一発撮りはその名の通り、一回で全ての楽器を録音する方法であり、まさにライブと同じ感覚でレコーディングできるため、迫力あるバンドサウンドを追求したい場合に用いられる方法です。

 

しかしながら、よほど高価なスタジオを使用しない限りは、それぞれのマイクに他の楽器の音が入ってしまい、ミックスにおける細かい音作りが困難というのが、大きな難点に。

 

※ミックスの意味についてはこちらの記事を参照ください

リスナーも覚えておきたい、別バージョン・リミックス・リマスターの違い

さらにパンチイン・パンチアウトという手法を用いる、細かい修正も基本的に困難であり、納得するテイクが撮れなければ、全員で何回も撮りなおす必要が。

別録り

こちらも名前の通りですが、それぞれの楽器を別個に録音し、最終的に組み上げてバンドサウンドにする方法。

 

一般的にはこちらの方法が多数派であります。

 

一発撮りとは異なり、楽器ごとの細かい音作りや修正が可能であるため、表現の柔軟さという面においては、勝手が良いのは確かでしょう。

 

逆に、全員が一緒になって演奏しているわけでは無いため、グルーブ感のある迫力溢れるサウンドという点においては、一発撮りに劣る部分が場合によっては存在。

 

ただ、どちらの方が絶対的に優れた方法ということはなく、あくまで手法の違いにすぎません。

 

そのためアーティストやエンジニアの好みによって変わる部分でもありますし、第一線で活躍するアーティストでも、それぞれの手法でレコーディングされているのです。

 

そして言うまでもなく、バームクーヘンは前者の一発撮りでレコーディングされています。

バームクーヘンの制作手法

そしてレコーディングのもっと細かい部分を見ていくと、何かマニュアルに沿ったような基本的なやり方ではなく、とりあえず手探りで撮ってみたような感じなのです。

 

具体的にいくつかポイントを絞って見て行きましょう。

マイキングは適当

マイキングとは、レコーディングの際にアンプやドラムなどの音を拾う、マイクの設置のことを指します。

 

「音が鳴ってるところにマイク向ければいいんでしょ?」と思うかも知れませんが、マイクの角度や距離、機材のどこに向けるかといった非常に細かい違いでも、録音される音に違いが生じ、拘っていくととにかく細かいのです。

 

とはいえ、いわゆる標準的なセッティングなるものは存在し、僕も含めレコーディングの知見の浅い人は、とりあえずそれに忠実に録音してみるもの。

 

しかし、ハイロウズはそんなのもお構いなし、自分達の思うままに自由に撮っています。

 

(ヒロト)「ギターなんかも、”ここで鳴っているんだから、マイク立てたら、そのまま録れないのかなぁ?”って、ずっと思っていたけど、録れるんだよね。
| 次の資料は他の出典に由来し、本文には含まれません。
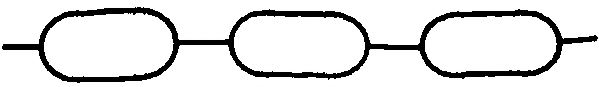 Прокладка колектора впускного Audi A4/A6/A8/VW Passat 2.4/2.8/3.0 96-06
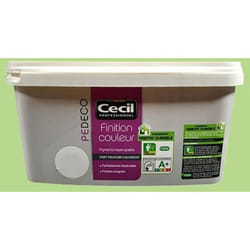 Pe deco Finition Couleur Vert granny Satin 2,5 l - Cecil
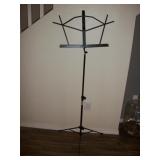 Folding Black Music Stand - On-Stage Stands Folding Black Music Stand - On-Stage Stands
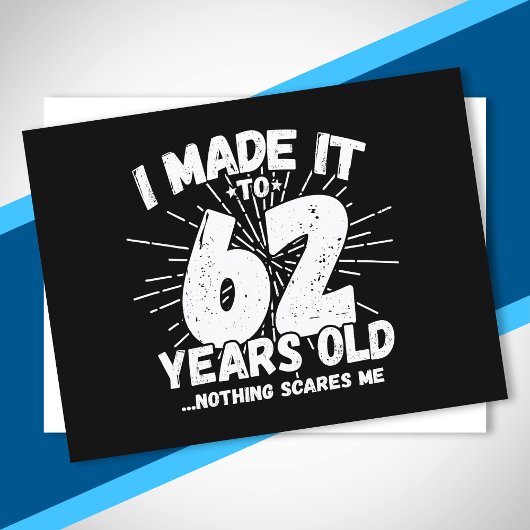 62おもしろい番目の誕生日引用文皮肉62歳 ポストカード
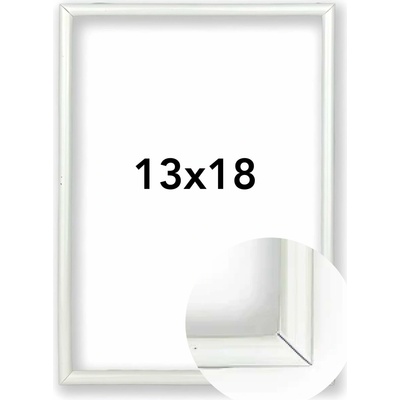 Fotorámeček BF Rozměr: 13 x 18 cm, Barva: Bílá, Typ zasklení: Plexi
」

 

ただ、当然長いキャリアの中で幾度となくレコーディングを経験し、基本的なマイクの位置をなんとなく分かった上での何となくでしょうから、そこまで通常の位置から逸脱はしてないはず。

 

適当と言いつつも、ある程度は基本的な位置に沿った上でのマイキングではないかと思うところ。

音被りもお構いなし

先にも説明したように、いっせーのでライブのように演奏し録音するのが一発録りでありますが、それでもそれぞれのマイクに他の楽器の音が入らないよう、別々のブースに入って録音する方法もあります。

 

しかし簡易的に作られたリハーサルスタジオ状態の場所ということもあり、ブースを作るのも不可能なため、一切気にせずライブ同様に録音したという。

 

さらには、通常は他の楽器の音を確認するために、ヘッドホンを装用し、他の楽器の音を流し演奏するのですが、ヘッドホンを使わず、通称・モニターと言われる音の確認用スピーカーからヒロトの声を直接鳴らし、ドラムやキーボードに届けるという、通常あり得ない方法を用いています。

 

唯一、ベースの音に芯が無くなるのを避けるため、ベースアンプはブースに入れたそうですが、他の楽器は完全お構いなし。

 

まさにレコーディングというより、ほとんどライブ同様のロケーションと言えますね。

 

にも関わらず最終的なCD音源を聞くと、個別の楽器の音がしっかり聞き分けられるほどの状態となっており、マスタリングの所為かも知れませんが、驚愕の連続です。

ミックスまで自分たちで行った

さらに驚きなのは、ミックスまで自分たちで行っていること。

 

リバーブ等のエフェクトについては各種インタビューを見ても語られていないので定かではありませんが、ボリューム調整はすざまじき方法なのが分かります。

 

(マーシー)「ミックスの時でも、みんなで卓の前にいてさ。ギターのカッティングで始まる曲なんかは、他のマイクをオフにしておくんだ。それで、タイミングで「それっ!」って他のマイクをオンにして。ギター・ソロになると、ギターのマイクをちょっと上げたり。それをみんなでやるの(笑)」

 

このようなマイクごとのボリュームの上げ下げを、デジタルではパソコンで入力するのが一般的ですが、それすらもメンバー揃って行うというのは、ミックスもライブ同然の状態であるという。

マスタリングはプロに依頼

ミックスまで全て自分たちでやっておきながら、マスタリングはいつもお馴染み「ボブ・ラディック」に依頼しています。

 

それは次のような理由だったそう。

 

(ヒロト)「ミックス・ダウンまで自分たちでやったからこそ、マスタリングはプロ中のプロ、ナンバー1、世界一の人にやってほしかったんですよ。」
Q.その根拠は?
(ヒロト)「それは、ある人にこう言われたんだ。「レコーディングなんていうのは、ミックス・ダウンが終わるまではアーティストの作業なんだよ。芸術家さんがやる作業なんだよ。で、マスタリングは何かと言うと、芸術作品を商品、つまり売り物にする瞬間の作業なんだよ」って。”ああ、そっか”って思った。商品にする作業はわからないもん、オレたちは。」

 

ある人が誰なのかは分かりませんが、楽曲制作においてミックスとマスタリングは全くもって別物であるのはよく言われることであり、とことん好きなものをミックスまで追求した結果として、マスタリングは依頼するのは必然の流れと感じます。

 

ここまで見てきたように、ある種ざっくばらんに自由にレコーディングしながら、CDで聴ける圧倒的な迫力あるサウンドに仕上がった一因には、当然ラディックの手腕が一役買っているのではと思うところ。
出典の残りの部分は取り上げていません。